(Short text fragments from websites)

+ + + + + + +

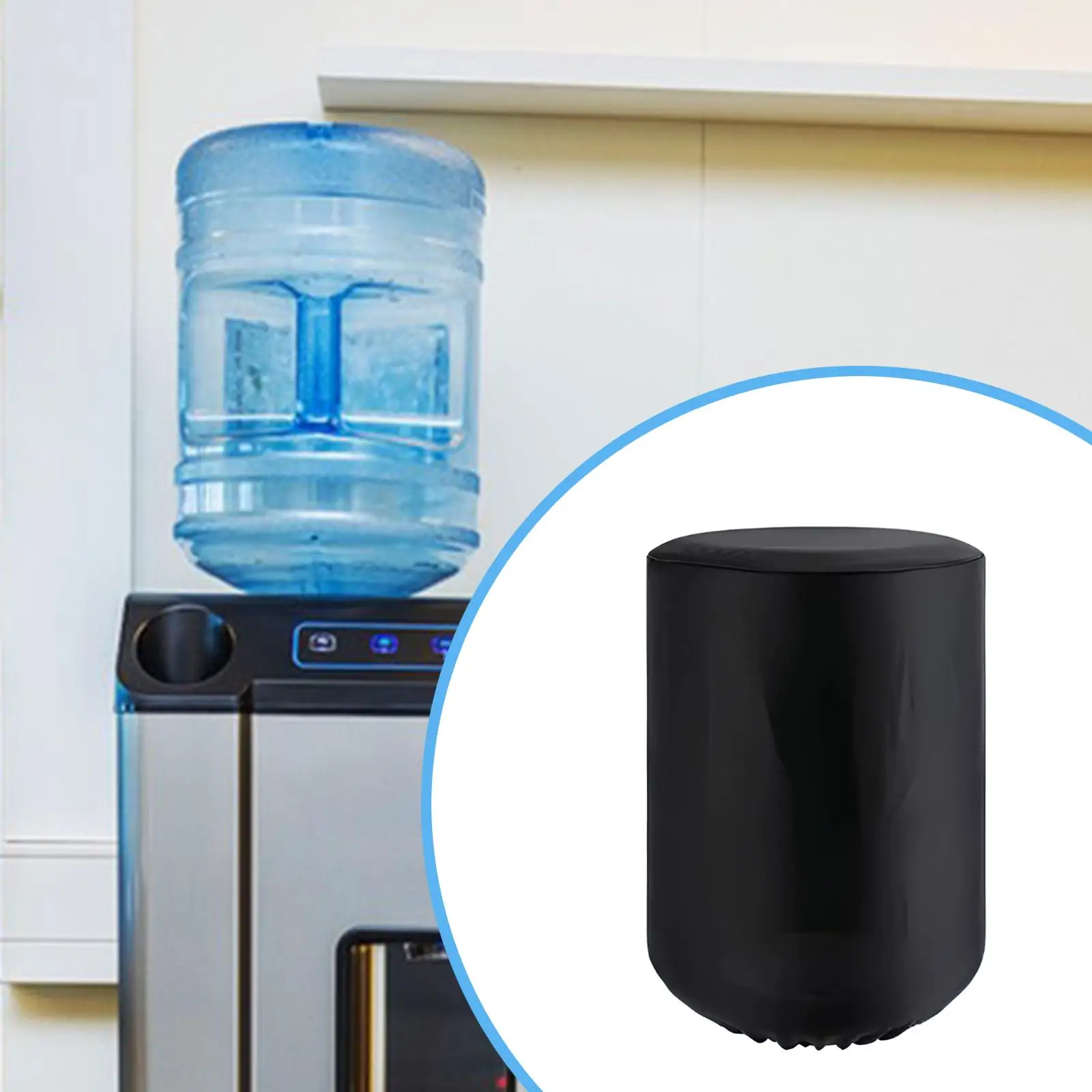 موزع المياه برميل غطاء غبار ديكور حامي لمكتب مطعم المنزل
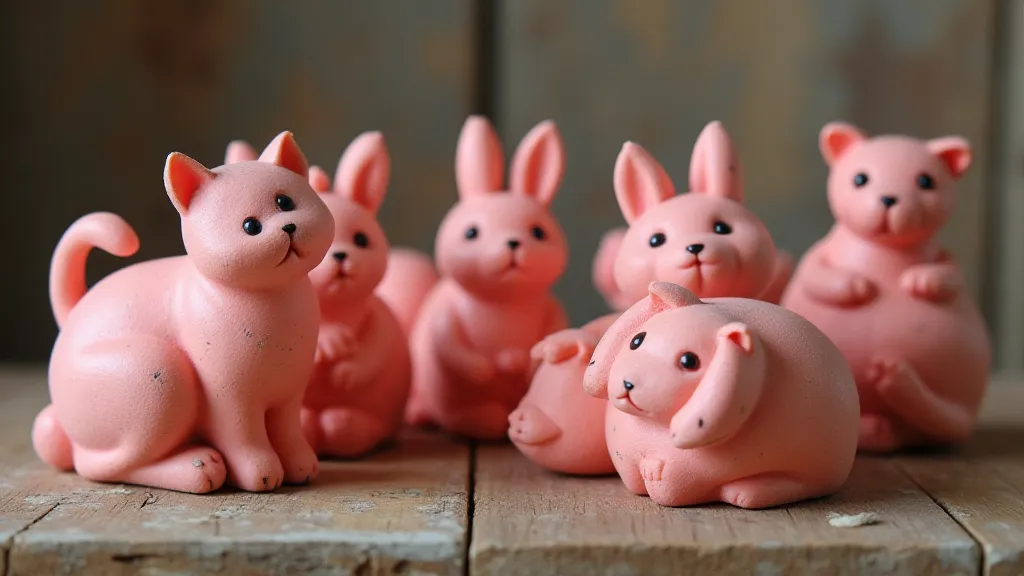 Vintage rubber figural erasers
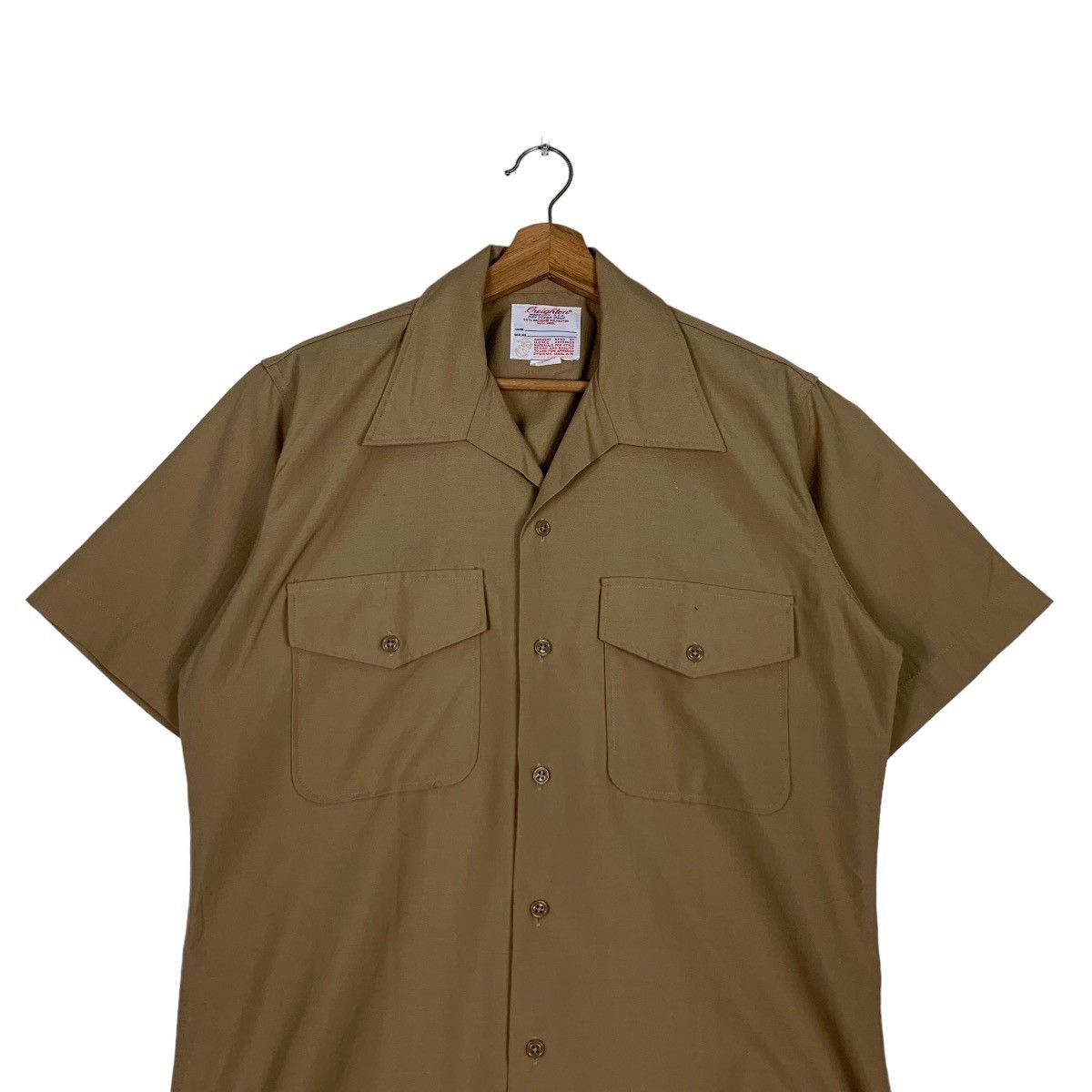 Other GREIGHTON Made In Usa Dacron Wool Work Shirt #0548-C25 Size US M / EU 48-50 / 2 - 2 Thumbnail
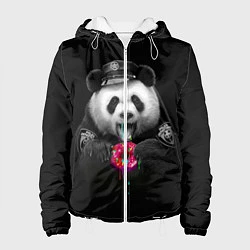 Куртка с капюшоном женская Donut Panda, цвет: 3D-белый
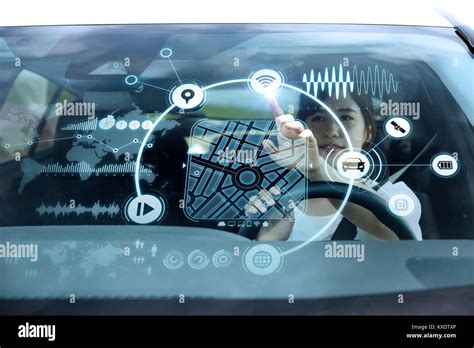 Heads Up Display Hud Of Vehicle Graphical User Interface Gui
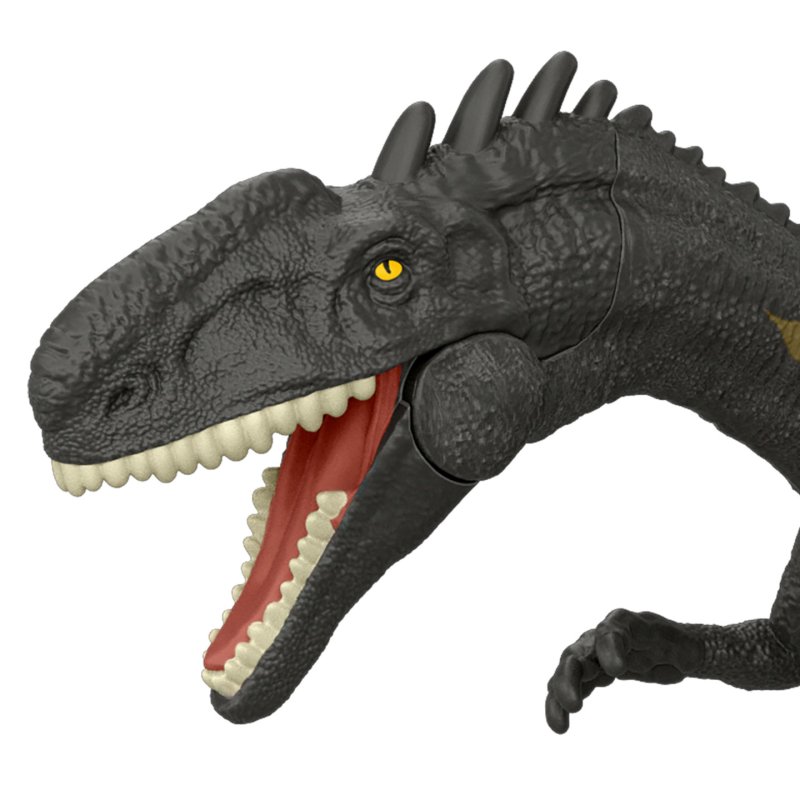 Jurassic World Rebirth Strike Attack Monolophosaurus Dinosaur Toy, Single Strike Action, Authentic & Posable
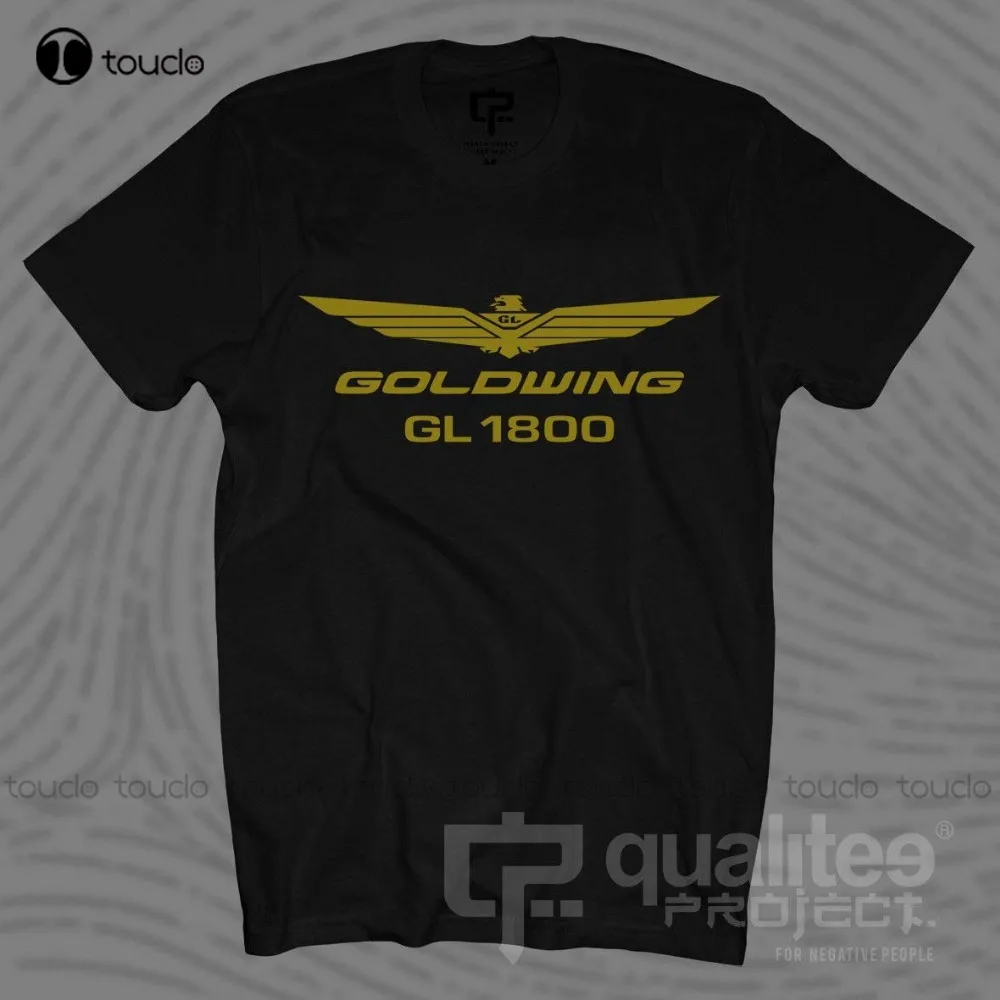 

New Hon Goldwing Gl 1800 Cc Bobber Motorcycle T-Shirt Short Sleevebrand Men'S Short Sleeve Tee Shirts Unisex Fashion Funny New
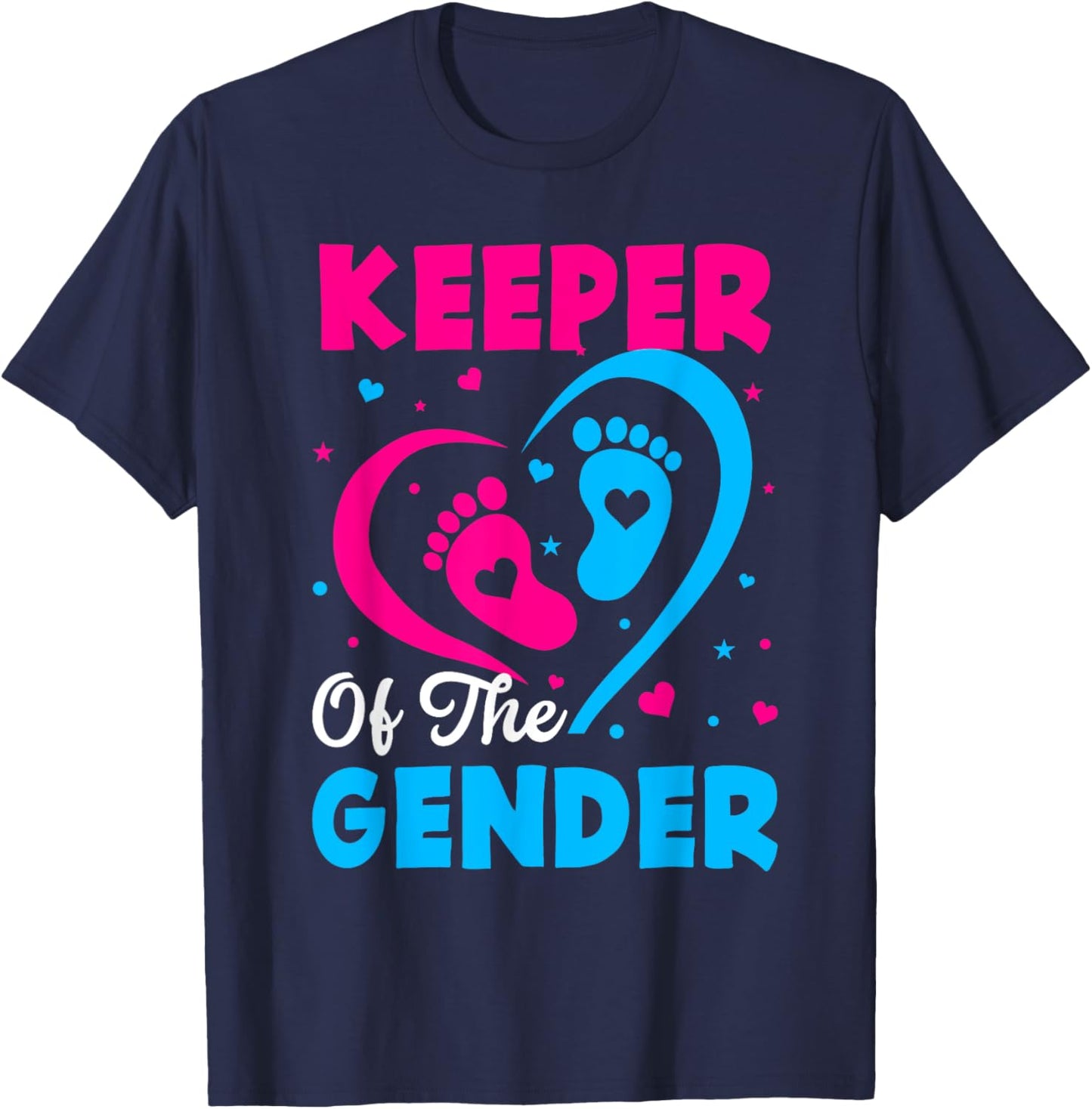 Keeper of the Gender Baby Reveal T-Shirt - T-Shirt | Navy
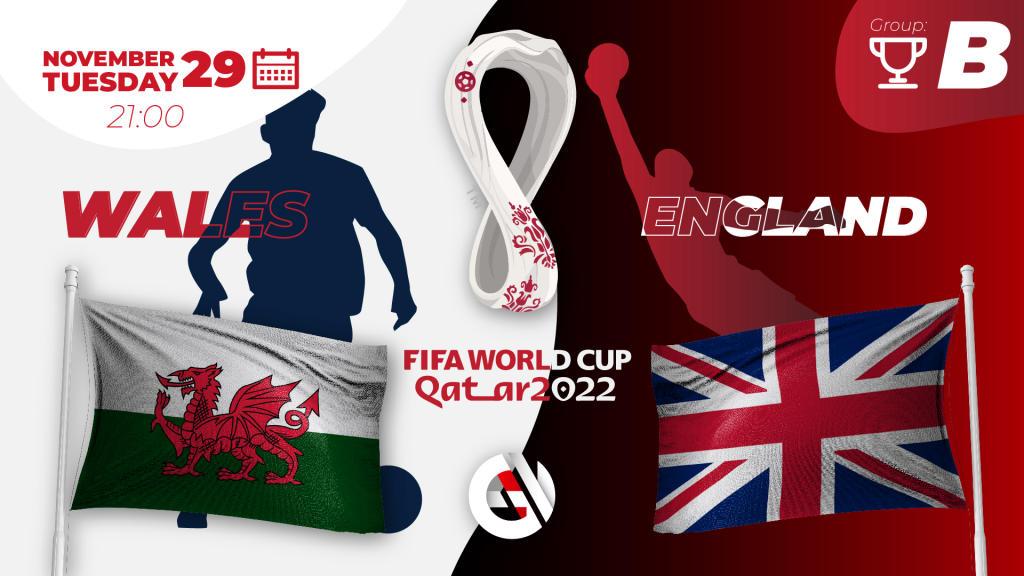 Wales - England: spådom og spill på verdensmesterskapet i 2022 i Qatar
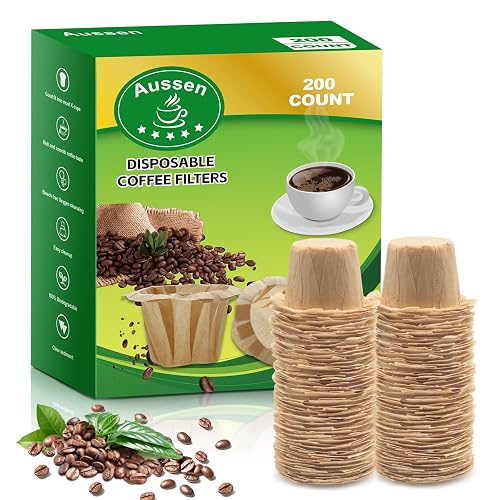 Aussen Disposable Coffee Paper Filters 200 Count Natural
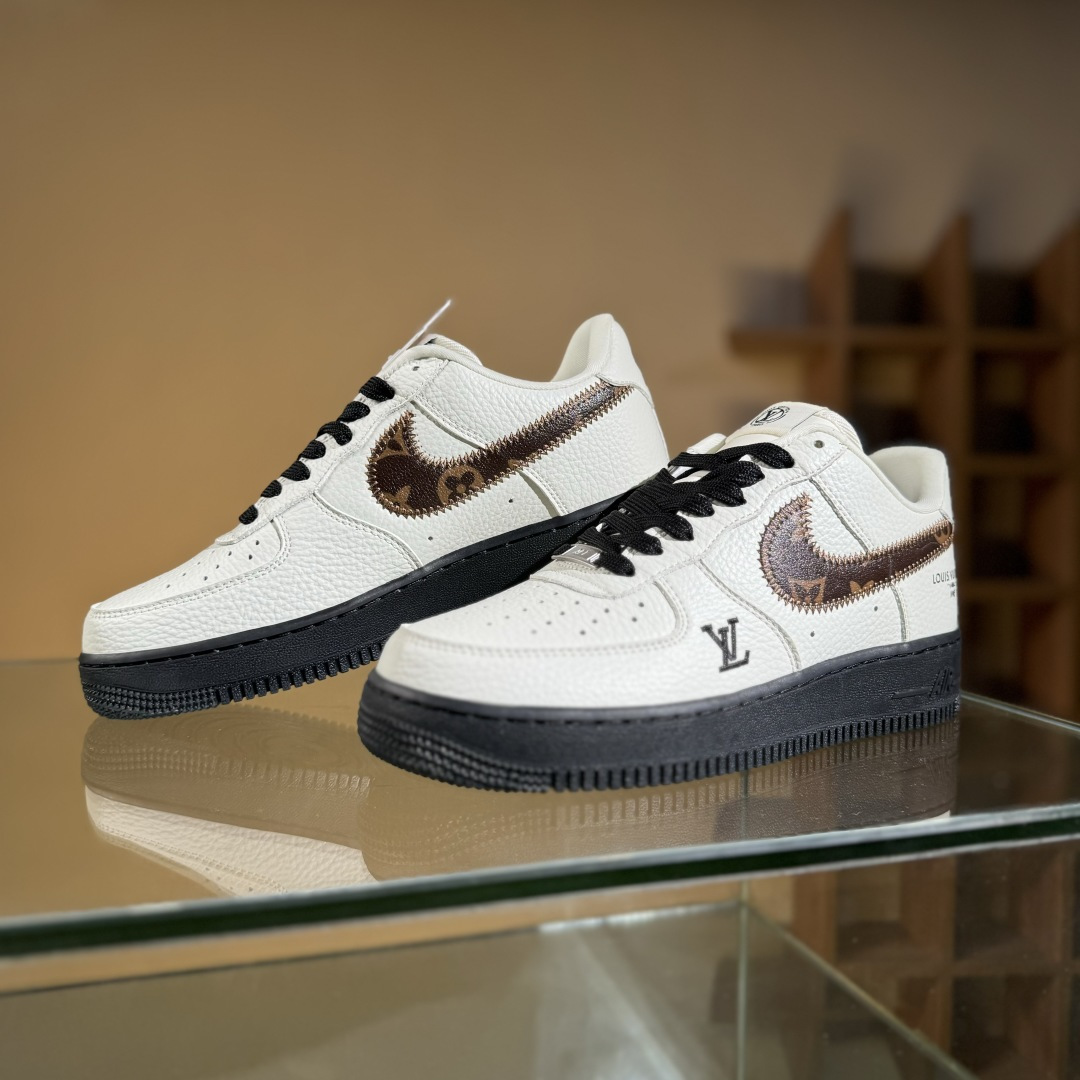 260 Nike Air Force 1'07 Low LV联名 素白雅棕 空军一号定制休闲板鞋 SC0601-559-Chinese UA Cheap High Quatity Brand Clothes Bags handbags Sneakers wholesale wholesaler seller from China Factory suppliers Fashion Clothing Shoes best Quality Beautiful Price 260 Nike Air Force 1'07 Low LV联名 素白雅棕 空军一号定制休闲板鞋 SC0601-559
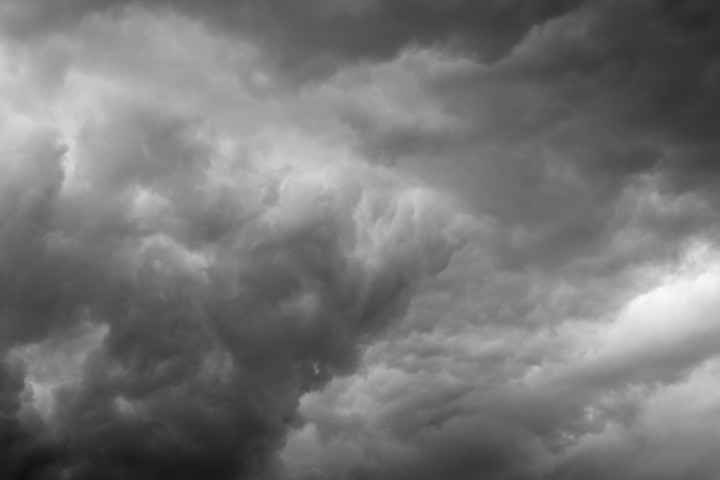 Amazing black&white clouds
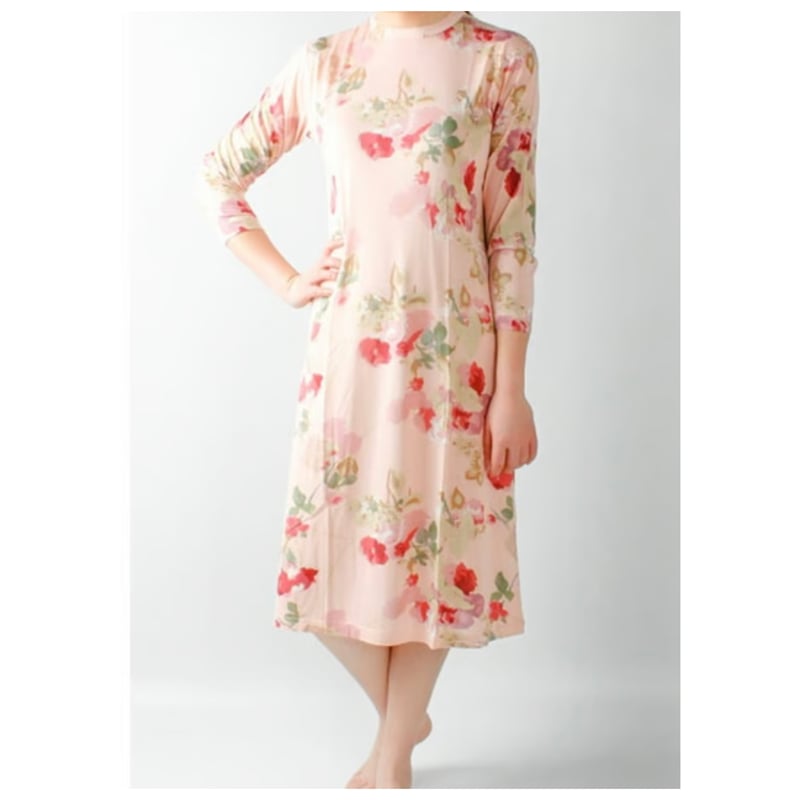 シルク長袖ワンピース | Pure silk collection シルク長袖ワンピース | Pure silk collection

+ + + + + + +

Each line from the line containing "Куртка с капюшоном" through the last line above must be written out exactly, and every picture must be omitted.

→ FINAL ANSWER:
 Куртка с капюшоном женская Donut Panda, цвет: 3D-белый
 Heads Up Display Hud Of Vehicle Graphical User Interface Gui
 Jurassic World Rebirth Strike Attack Monolophosaurus Dinosaur Toy, Single Strike Action, Authentic & Posable

New Hon Goldwing Gl 1800 Cc Bobber Motorcycle T-Shirt Short Sleevebrand Men'S Short Sleeve Tee Shirts Unisex Fashion Funny New
 Keeper of the Gender Baby Reveal T-Shirt - T-Shirt | Navy
 Wales - England: spådom og spill på verdensmesterskapet i 2022 i Qatar
 Aussen Disposable Coffee Paper Filters 200 Count Natural
 260 Nike Air Force 1'07 Low LV联名 素白雅棕 空军一号定制休闲板鞋 SC0601-559-Chinese UA Cheap High Quatity Brand Clothes Bags handbags Sneakers wholesale wholesaler seller from China Factory suppliers Fashion Clothing Shoes best Quality Beautiful Price 260 Nike Air Force 1'07 Low LV联名 素白雅棕 空军一号定制休闲板鞋 SC0601-559
 Amazing black&white clouds
 シルク長袖ワンピース | Pure silk collection シルク長袖ワンピース | Pure silk collection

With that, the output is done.